中国では「インターネット安全法」が一昨年11月に制定され、昨年6月1日に施行されており、取り締り件数の増加は同法の施行がきっかけであることは明らかだ。
標的となったのは、中国版LINE(ライン)と呼ばれる騰訊控股(テンセント)のスマホ向け無料対話アプリ「微信(ウィーチャット)」、新浪が運営するSNS「微博(ウェイボ)」、百度(バイドゥ)のネット掲示板「ティエバ」で、3社の合計の利用者は中国の人口の13億人を上回る。
同法については中国内ばかりでなく、日米欧諸国間でも懸念が広がっている。同法が「サイバー空間の主権の維持」を目的としており、中国で集めた顧客データの中国国内での保存や、海外に持ち出す際の当局の審査を義務づける内容も含まれているからだ。
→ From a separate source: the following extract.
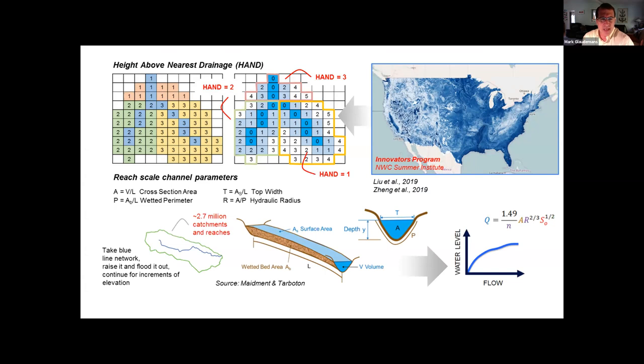This shows the HAND grid at national level. The darker colors imply very little relief to the landscape — not much elevation difference compared to the stream channel outlet — while lighter colors indicate a lot of elevation difference. From this HAND grid and using national water model discharges based on reach-scale channel parameters, Manning's equation, and a lot of approximations, we define synthetic rating curves at each of those 2.7 million reaches. That allows us to relate discharge to stage at that location and flood out the surrounding grid cells to define the overall inundation extent.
北京の日系企業のある顧問弁護士は「中国当局の運用しだいで、外国企業の中国事業に大きな制約となり、世界貿易機関(WTO)の場を中心に日米欧が連携して対処する必要がある」との懸念を表明している。
とはいえ、ロイター通信は「中国当局の厳しい措置は習近平国家主席が実権を握り始めた5年前から始まった」と報じており、今後も一層のネット規制強化が予想される。